» Assignment
Output all entries exactly as they appear and skip the pictures.

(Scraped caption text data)
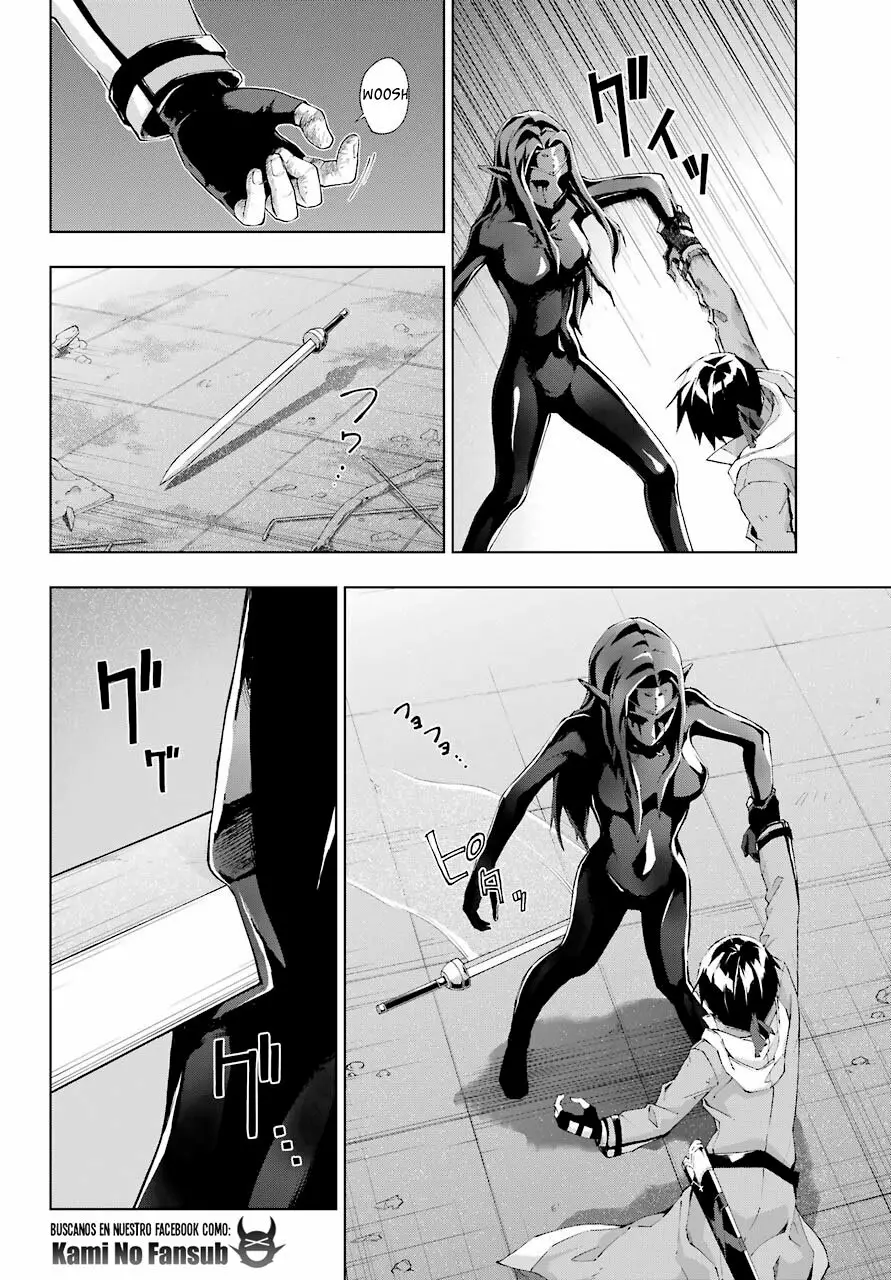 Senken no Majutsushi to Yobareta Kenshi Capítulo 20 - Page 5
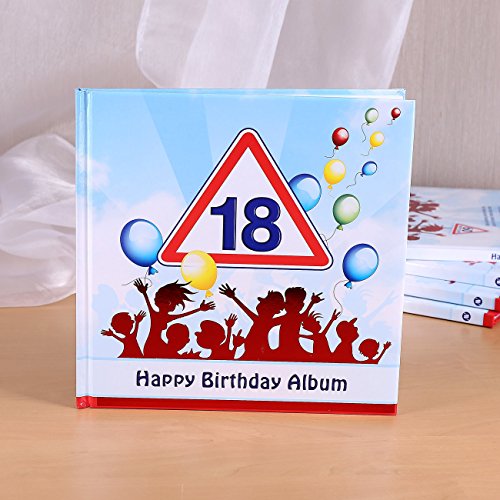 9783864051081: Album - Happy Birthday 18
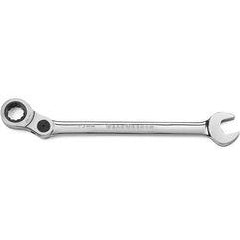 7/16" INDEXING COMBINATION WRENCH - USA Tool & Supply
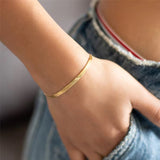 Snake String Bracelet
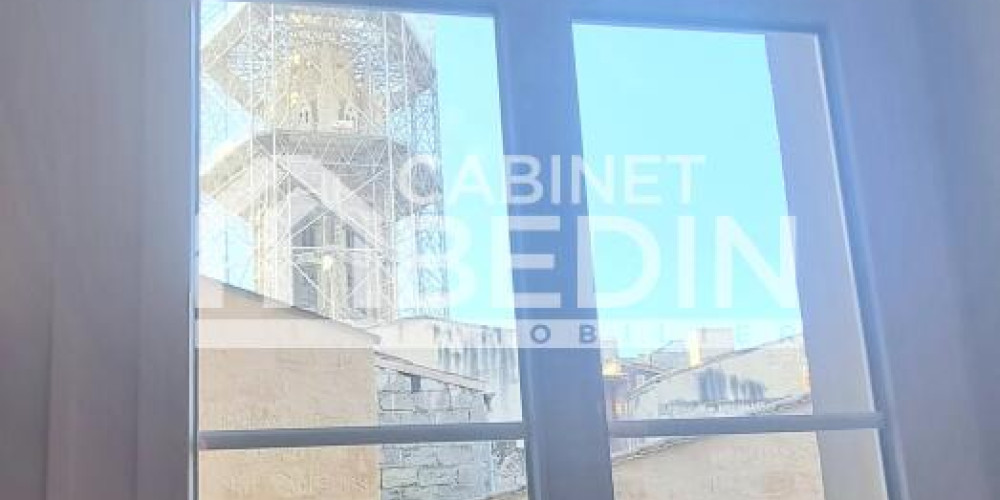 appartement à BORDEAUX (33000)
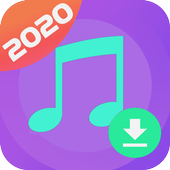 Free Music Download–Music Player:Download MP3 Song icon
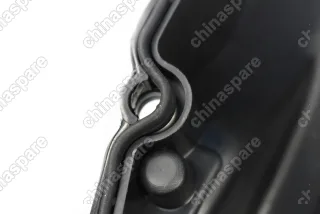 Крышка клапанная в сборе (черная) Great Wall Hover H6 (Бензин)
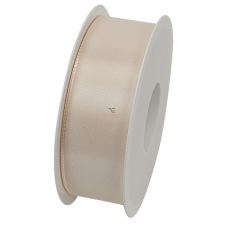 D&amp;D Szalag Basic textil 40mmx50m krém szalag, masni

» Result for this exercise
 Senken no Majutsushi to Yobareta Kenshi Capítulo 20 - Page 5
 9783864051081: Album - Happy Birthday 18
 7/16" INDEXING COMBINATION WRENCH - USA Tool & Supply
 Snake String Bracelet
 appartement à BORDEAUX (33000)
 Free Music Download–Music Player:Download MP3 Song icon
 Крышка клапанная в сборе (черная) Great Wall Hover H6 (Бензин)
 D&amp;D Szalag Basic textil 40mmx50m krém szalag, masni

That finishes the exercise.